"Immersion in the life of the world, a willingness to be inhabited by and to speak for others, including those beyond the realm of the human, these are the practices not just of the bodhisattva but of the writer." --Jane Hirshfield

Monday, April 9, 2007

The Savage Beasts: Not To Be Soothed

Violinist Joshua Bell participated in an experiment for the Washington Post. He agreed to play at a subway station during the morning rush hour to see how many people would stop to listen. Predictions varied, but Bell, who is one of the world's greatest violinists, did not expect to be all but ignored. Only a few people stopped to listen at all, and two of those had played the violin themselves. He made approximately $50.

Comments ranged from, he would have made more money playing in the park on nice day, to, the Washington Post illustrated its own point by speeding up the video so that you can't listen to the music, to, nobody notices much, anyway.

Here is my story: One evening, as I was walking uptown from a job in the Wall Street area, I saw a rainbow that stretched across the East River, framing the Brooklyn Bridge. It was dazzling. Of the thousand or so people streaming around me on the pavement, going home, only one other person stopped to look, and it turned out to be someone I knew.

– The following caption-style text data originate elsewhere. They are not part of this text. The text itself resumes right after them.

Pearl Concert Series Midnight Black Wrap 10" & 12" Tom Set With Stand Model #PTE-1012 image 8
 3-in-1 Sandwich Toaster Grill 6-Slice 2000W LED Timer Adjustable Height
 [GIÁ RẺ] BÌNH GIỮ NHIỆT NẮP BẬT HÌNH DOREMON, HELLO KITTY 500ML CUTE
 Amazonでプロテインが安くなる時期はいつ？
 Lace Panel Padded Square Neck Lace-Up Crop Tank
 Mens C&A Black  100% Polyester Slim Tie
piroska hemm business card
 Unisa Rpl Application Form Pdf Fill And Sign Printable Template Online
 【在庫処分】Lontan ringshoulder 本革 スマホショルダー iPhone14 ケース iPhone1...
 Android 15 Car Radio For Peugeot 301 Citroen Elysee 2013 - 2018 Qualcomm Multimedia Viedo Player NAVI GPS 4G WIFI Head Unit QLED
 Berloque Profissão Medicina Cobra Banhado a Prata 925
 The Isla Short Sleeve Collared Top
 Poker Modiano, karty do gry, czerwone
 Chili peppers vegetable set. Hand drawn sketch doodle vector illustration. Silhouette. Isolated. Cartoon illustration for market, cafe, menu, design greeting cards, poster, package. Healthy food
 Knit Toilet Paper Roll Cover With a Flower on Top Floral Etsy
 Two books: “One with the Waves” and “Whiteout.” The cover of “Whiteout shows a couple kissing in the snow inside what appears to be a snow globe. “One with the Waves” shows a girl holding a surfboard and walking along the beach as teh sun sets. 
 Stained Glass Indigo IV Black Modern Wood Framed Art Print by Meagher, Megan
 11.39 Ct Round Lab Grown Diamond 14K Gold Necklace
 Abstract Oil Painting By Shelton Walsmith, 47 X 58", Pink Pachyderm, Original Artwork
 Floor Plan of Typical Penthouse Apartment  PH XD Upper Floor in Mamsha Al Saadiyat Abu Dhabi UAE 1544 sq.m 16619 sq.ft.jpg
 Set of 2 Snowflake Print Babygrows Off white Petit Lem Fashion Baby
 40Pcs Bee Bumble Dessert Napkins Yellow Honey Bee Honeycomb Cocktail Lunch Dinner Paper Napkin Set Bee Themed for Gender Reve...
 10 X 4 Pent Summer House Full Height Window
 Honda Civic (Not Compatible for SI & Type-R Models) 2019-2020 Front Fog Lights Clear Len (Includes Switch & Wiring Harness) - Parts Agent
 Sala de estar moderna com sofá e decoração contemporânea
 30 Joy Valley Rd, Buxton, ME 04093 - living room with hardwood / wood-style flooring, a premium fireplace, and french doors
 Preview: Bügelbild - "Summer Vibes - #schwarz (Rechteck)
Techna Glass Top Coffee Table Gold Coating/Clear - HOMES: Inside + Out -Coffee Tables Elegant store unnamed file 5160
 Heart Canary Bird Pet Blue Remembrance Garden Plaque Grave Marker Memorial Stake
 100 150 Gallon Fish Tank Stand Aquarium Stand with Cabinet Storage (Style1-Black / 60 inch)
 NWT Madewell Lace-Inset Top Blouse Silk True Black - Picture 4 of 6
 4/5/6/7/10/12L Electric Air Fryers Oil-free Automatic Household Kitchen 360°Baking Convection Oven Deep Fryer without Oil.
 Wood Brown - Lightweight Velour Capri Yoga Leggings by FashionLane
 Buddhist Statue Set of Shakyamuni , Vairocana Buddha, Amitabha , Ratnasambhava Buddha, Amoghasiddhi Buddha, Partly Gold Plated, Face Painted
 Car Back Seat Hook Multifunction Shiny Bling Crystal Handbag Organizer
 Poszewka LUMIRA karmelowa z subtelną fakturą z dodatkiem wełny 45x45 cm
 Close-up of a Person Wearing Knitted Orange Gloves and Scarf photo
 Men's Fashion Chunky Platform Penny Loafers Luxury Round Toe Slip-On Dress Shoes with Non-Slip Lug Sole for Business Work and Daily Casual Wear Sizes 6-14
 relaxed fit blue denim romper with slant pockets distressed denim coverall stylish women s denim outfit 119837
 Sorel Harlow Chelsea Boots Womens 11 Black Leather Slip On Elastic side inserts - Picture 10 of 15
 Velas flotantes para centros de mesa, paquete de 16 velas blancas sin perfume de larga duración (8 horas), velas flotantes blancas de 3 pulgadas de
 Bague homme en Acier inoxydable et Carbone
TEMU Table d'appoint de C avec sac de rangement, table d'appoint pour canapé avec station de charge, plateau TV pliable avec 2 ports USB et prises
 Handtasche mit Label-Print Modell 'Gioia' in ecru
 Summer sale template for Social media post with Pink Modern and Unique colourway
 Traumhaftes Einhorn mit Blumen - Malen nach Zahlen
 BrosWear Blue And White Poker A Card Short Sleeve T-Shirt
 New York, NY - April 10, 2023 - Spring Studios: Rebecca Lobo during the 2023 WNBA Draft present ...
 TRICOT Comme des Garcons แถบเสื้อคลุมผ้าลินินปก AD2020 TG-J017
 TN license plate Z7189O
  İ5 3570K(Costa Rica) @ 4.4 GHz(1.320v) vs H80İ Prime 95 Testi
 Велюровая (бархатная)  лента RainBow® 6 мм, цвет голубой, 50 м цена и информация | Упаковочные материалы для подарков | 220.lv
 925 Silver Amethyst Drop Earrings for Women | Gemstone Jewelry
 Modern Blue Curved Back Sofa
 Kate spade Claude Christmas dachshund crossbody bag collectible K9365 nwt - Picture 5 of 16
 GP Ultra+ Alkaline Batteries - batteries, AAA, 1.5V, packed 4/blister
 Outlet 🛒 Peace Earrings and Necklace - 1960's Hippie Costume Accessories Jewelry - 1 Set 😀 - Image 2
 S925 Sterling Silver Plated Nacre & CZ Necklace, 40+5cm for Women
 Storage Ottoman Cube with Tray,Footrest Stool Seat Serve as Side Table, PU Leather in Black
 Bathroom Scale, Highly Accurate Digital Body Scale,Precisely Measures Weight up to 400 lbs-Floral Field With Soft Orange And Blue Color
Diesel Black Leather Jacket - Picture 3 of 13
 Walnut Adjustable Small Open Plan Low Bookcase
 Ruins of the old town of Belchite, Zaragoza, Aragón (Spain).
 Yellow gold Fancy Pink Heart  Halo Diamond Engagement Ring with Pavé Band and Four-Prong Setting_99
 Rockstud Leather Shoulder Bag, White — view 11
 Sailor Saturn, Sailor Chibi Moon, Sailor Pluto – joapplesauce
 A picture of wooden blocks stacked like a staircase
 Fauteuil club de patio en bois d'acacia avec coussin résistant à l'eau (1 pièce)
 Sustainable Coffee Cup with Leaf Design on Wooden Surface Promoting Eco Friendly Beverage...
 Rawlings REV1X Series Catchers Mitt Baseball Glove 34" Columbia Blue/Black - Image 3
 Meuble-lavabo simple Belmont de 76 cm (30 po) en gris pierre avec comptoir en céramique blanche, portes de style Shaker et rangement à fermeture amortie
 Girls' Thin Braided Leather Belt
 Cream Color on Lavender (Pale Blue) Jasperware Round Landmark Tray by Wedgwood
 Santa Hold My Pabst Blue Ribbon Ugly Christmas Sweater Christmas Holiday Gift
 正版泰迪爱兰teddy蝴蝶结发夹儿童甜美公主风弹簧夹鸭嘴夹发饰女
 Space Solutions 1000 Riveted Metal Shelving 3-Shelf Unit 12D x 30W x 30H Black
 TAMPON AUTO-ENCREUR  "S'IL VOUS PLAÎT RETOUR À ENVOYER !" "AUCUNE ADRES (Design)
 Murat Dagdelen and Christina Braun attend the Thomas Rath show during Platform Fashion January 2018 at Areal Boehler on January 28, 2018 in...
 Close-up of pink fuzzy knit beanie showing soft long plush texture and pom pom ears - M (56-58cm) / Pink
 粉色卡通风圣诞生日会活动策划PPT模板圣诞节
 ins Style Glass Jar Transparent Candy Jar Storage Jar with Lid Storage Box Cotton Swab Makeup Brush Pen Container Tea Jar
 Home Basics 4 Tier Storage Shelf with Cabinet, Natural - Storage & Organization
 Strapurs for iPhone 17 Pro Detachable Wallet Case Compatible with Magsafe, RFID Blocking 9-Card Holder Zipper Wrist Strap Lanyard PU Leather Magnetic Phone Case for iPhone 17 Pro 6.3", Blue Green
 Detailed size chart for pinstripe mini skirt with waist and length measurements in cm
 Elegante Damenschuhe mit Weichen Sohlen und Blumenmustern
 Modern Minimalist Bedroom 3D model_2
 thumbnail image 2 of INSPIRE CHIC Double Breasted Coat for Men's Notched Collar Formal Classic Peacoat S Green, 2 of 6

I do think however, that if Bell played on the green in Woodstock, NY, near where I now live, not only would much of the town shut down to listen, but the local hand drummers would probably join in, as well as whoever else was hanging on the green that day and had their guitars.


Anonymous said...

There is a great response to the Joshua Bell article by a NYC subway musician in her blog: www.SawLady.com/blog
She interprets the situation differently from the Washington Post reporters... I thought you might find it interesting.

Zen of Writing said...

She thinks he's just not a good street performer -- I'm inclined to think it's more the nature of the space and the music. Rushing subway commuters and classical violin -- if they can ignore that level of virtuosity, I doubt anyone could do better. I'm not sure any street performer could draw a standing crowd during rush hour, when everyone stands to look bad by being late.